Está só no começo
“Povo é a dimensão humana do Estado, o conjunto dos cidadãos de uma Nação”. (Hans Kelsen, jurista e filósofo austríaco)
(*) Rinaldo Barros
Convido o leitor para um breve passeio pela história dos movimentos populares do patropi.
Entre 1930 e 1945, o Brasil enfrentou movimentos, como a Revolução Constitucionalista, em 1932; a Intentona Comunista, em 1935; a Intentona Integralista, em 1938; que levaram grande número de pessoas às ruas. Mas protestos ou tentativas de levantes não aconteceram apenas durante o governo de Vargas. Antes de seu primeiro mandato, homens pegaram em armas em São Paulo tentando derrubar as oligarquias que há anos vinham governando o país.
Mais tarde, nos anos 1960, com a recessão econômica, inflação, desemprego e o arrocho salarial, o povo manifestou seu descontentamento por meio de greves e passeatas; culminando com o movimento militar de 1964, regime autoritário que perdurou até 1985; sufocando os movimentos populares.
Atualmente, é impossível ignorar a dimensão que os protestos - contra o (des)governo federal e a incapacidade de alguns governos estaduais para atender à demanda crescente dos bens da cidadania - têm adquirido em todo o país. As manifestações representam a indignação coletiva com a precariedade dos serviços públicos e remete à histórica Revolta do Vintém de 1879, quando manifestantes no Rio de Janeiro desafiaram a monarquia do Brasil por causa das tarifas dos bondes.
O fato é que, de um modo geral, o transporte público no Brasil é caro, inseguro e mal gerido, afetando especialmente os mais pobres que não têm escolha a não ser contar com esse sistema para sobreviver.
Em plena vivência da normalidade democrática, a insatisfação popular alimentada pela perda da Segurança, em diversas áreas urbanas, chegou a tal ponto que os manifestantes protestam e depredam ônibus, lojas, bancos e logradouros públicos durante dias seguidos; em confronto com forças policiais, atirando bombas de efeito moral e balas de borracha.
Aliás, as tropas estão cada vez menos preparadas para conviver com os movimentos sociais em luta; porquanto foram e são treinadas fundamentalmente para combater a criminalidade.

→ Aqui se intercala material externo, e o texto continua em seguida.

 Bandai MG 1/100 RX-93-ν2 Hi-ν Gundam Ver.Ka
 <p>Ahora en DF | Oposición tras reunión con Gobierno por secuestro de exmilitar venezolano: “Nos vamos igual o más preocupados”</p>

Pergunto eu:
Se a violência é urbana, pode-se concluir que uma de suas causas é o próprio espaço urbano?
Os especialistas na questão afirmam que sim: nas periferias das cidades, sejam grandes, médias ou pequenas, nas quais a presença do Poder Público é fraca, o crime consegue instalar-se mais facilmente.
São os chamados espaços segregados, imensas áreas urbanas em que a infraestrutura urbana de equipamentos e serviços (saneamento básico, saúde, sistema viário, iluminação, transporte, lazer, educação, segurança e acesso à justiça) é precária ou insuficiente.
Sem dúvida, com a inovação tecnológica, estão surgindo novas camadas sociais (com nível de aspiração crescente) e novas formas de mobilização e luta. Por sua vez, a Segurança deve ser (mas ainda não é) considerada um direito de cidadania, que é fundamental para o desenvolvimento econômico e social.
Nem o Estado nem o cidadão possui ainda essa consciência.
E, pelo jeito, o PT governo – longe do Brasil real - não tem a menor ideia sobre essa complexidade social, até porque está focado apenas em “partir pra cima”; pra ganhar as eleições e se perpetuar no poder.
O caro leitor há de convir que a combinação desses movimentos de insatisfação popular, com a tendência atual da economia brasileira - eivada de incertezas - (fundada no consumismo, com inflação crescente, crescimento baixo, juros altos, desindustrialização, apagão educacional, e infraestrutura sucateada) provoca um aumento significativo das tensões, com resultado imprevisível.
É preciso atentar para o seguinte: o controle de multidões ainda não faz parte do currículo regular das nossas Academias de Polícia. Tal como ocorre atualmente, a Polícia, o Estado, ainda tende a enxergar os manifestantes insatisfeitos (o povo) como se fossem inimigos. Visão incompatível com a Democracia.
E, pior, a intervenção operacional das Forças Armadas pode ser um “tiro no pé” federal, pois são capacitadas para combater, destruir e matar. Não quero nem imaginar o cenário, se o Exército brasileiro atirar e ferir ou matar um jornalista ou turista estrangeiro durante o evento patrocinado pela FIFA.
Registre-se que, no momento em que escrevo, dezenas de manifestações estão sendo organizadas para o período da Copa do Mundo, notadamente no Distrito Federal, em São Paulo e no Rio. Clima explosivo!
O debate está aberto, e urge capacitar e aparelhar melhor o Estado brasileiro para conviver com o Estado Democrático de Direito; pois a insatisfação popular é crescente. E está só no começo.